Heavy-element Accretion by Proto-Jupiter in a Massive Planetesimal Disk, Revisited

TL;DR

This study uses N-body simulations to explore how proto-Jupiter accreted heavy elements from a massive planetesimal disk, revealing that dynamical interactions significantly influence accretion efficiency and planetary metallicity.

Contribution

It provides detailed N-body simulation results showing the impact of embryo scattering on planetesimal accretion, challenging semi-analytical models and emphasizing the importance of dynamical evolution in planetary formation.

Findings

Proto-Jupiter can capture 2-18 Earth masses of planetesimals.

Scattering from embryos reduces accretion efficiency.

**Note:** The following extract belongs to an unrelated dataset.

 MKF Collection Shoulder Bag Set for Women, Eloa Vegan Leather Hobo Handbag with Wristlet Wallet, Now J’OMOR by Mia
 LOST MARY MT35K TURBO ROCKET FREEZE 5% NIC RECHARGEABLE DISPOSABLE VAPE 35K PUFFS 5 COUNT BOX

Semi-analytical models fail to reproduce N-body results under high eccentricity and inclination.

Abstract

Planetesimal accretion is a key source for heavy-element enrichment in giant planets. It has been suggested that Jupiter's enriched envelope is a result of planetesimal accretion during its growth assuming it formed in a massive planetesimal disk. In this study, we simulate Jupiter's formation in this scenario. We assume in-situ formation and perform N-body simulations to infer the solid accretion rate. We find that tens-Earth masses of planetesimals can be captured by proto-Jupiter during the rapid gas accretion phase. However, if several embryos are formed near Jupiter's core, which is an expected outcome in the case of a massive planetesimal disk, scattering from the embryos increases the eccentricity and inclination of planetesimals and therefore significantly reduces the accretion efficiency. We also compare our results with published semi-analytical models and show that these models cannot reproduce the N-body simulations especially when the planetesimal disk has a large eccentricity and inclination. We show that when the dynamical evolution of planetesimals is carefully modelled, the total mass of captured planetesimals $M_\mathrm{cap,tot}$ is $2 M_\oplus \lesssim M_\mathrm{cap,tot}\lesssim 18 M_\oplus$. The metallicity of Jupiter's envelope can be explained by the planetesimal accretion in our massive disk model despite the low accretion efficiency coming from the high eccentricity and inclination of planetesimals. Our study demonstrates the importance of detailed modelling of planetesimal accretion during the planetary growth and its implications to the heavy-element mass in gaseous planets.